Because I'm a) too insanely busy to write an actual blog post today and b) because the Limerick Leader's usual music writer On The Beat smells and is on holiday, The Board is posting his preview in this week's paper for Akil The MC's solo set in the Belltable on Friday.
Akil, of course, is a founding member of Jurassic Five. The Board, as some of you may have gathered from his earlier post on the topic, likes them a lot. I don't find that to be unethical. No no. And don't worry, The board's brief flirtation with music journalism will be mercifully brief. On The Beat is back next week.
TIME, culture and economics were all fairly cruel to Los Angeles rap collective Jurassic Five, the superstars who never were.
In the late 1990s, after almost 10 years of being bludgeoned by the likes of Ice Cube, the ears of South Central became tuned to an oddly polished brand of post-revival ensemble hip hop. For a group formed in a health store, of all places, Jurassic Five’s 1997 debut EP was an underground joy, dripping with simple beats, cut and paste samples and thinking-man’s lyrical interplay.
It was a hip hop fusion that carried through their ten years together, and is one that will be on display at the Belltable this Friday as founding member Akil The MC performs a highly anticipated solo set.
Jurassic Five weren’t quite a bolt from the blue - the groundwork had been laid years before by A Tribe Called Quest’s seminal ‘Midnight Marauders’ and those pioneers of the genre, De La Soul. But their breakthrough track ‘Concrete Schoolyard’ was equal parts fresh and disarmingly nostalgic, and the group offering “playground tactics/no rabbit in a hat tricks” seemed poised to take hip hop to a smoother place.
But Eminem was about to release the Marshall Mathers LP, and a rap genre that had become pointy and confrontational in the mid 1990s was about to become blissfully mainstream. J5 members Chali 2na, Akil, Soup, Mark 7even, DJ Nu-Mark and DJ Cut Chemist were about to find themselves in the right place at the wrong time.
Word of mouth ensured a full release for their debut EP in December 1998 on Pan Records, and in June 2000 Interscope published their second studio work ‘Quality Control’. Despite weaving together deceptively slick production, social commentary and left field samples - as well as containing the menacing masterpiece ‘Contribution’ - Quality Control was blighted from the start.
The group always had an awkward relationship with Interscope, complaining that the label were attempting to shoe-horn their style into places where it wouldn’t fit. (Prior to releasing ‘Quality Control’ one record company official is reported to have demanded more “Southern jigga-boo” beats).
Still, their creativity peaked with 2002 release ‘Power In Numbers’, which reached number 15 in the US Billboard 200. It was a spell binding record which could have easily been packaged as a concept album, so perfectly did it capture the grief, smooth life and lazy love of black man in modern LA.

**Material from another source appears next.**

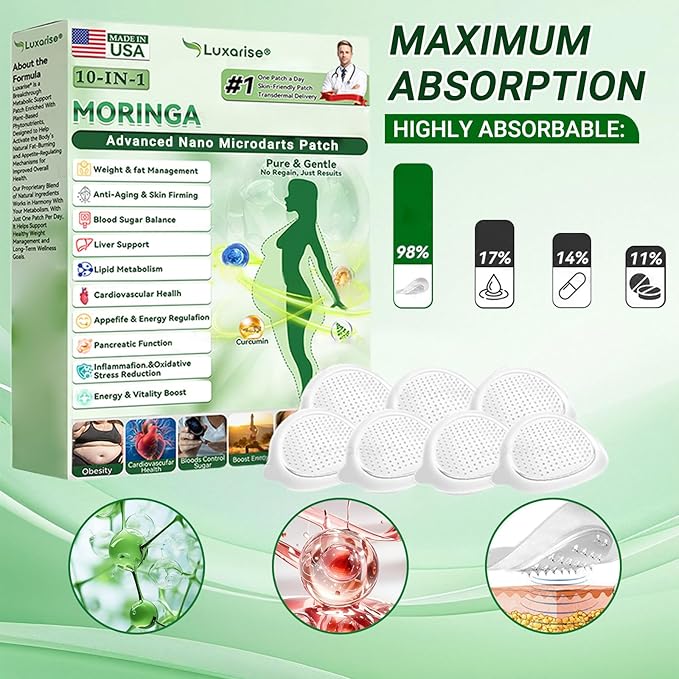 Luxarise Moringa 10-in-1 Advanced Nano Microdarts Patch, 2026 New 10-in-1 Moringa Patches, Natural Patches for Women and Men - Gentle Formula for All Skin (4PCS)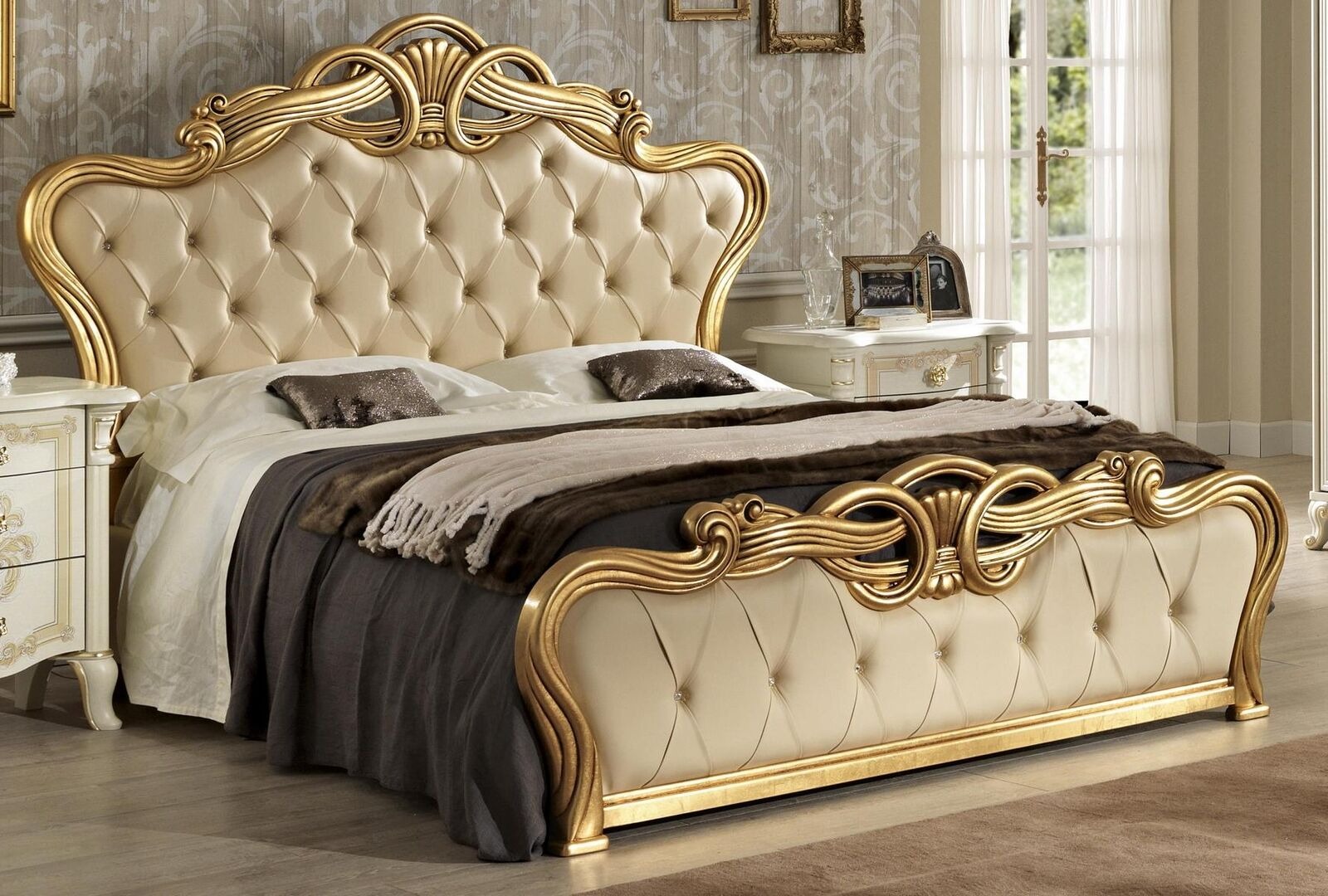 Chesterfield Bett Möbel Barock Gold Betten Möbel Goldenes Doppelbett Design Neu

2006’s ‘Feedback’ was equally successful commercially, but was met with a lukewarm reaction from critics. By this stage DJ Cut Chemist had left the group and their balance seemed to suffer, with collaborations with Nelly Furtado and the Dave Matthews Band sounding like the product of a group in search of a way.
They split in ambiguous circumstances in February 2007. This Friday founding member Akil performs a solo set at the Belltable on Cecil Street, where he will combine smidgens of his recent solo work with the likes of DJ Format and Japan’s DJ Yuktaka with a blend of J5 staples.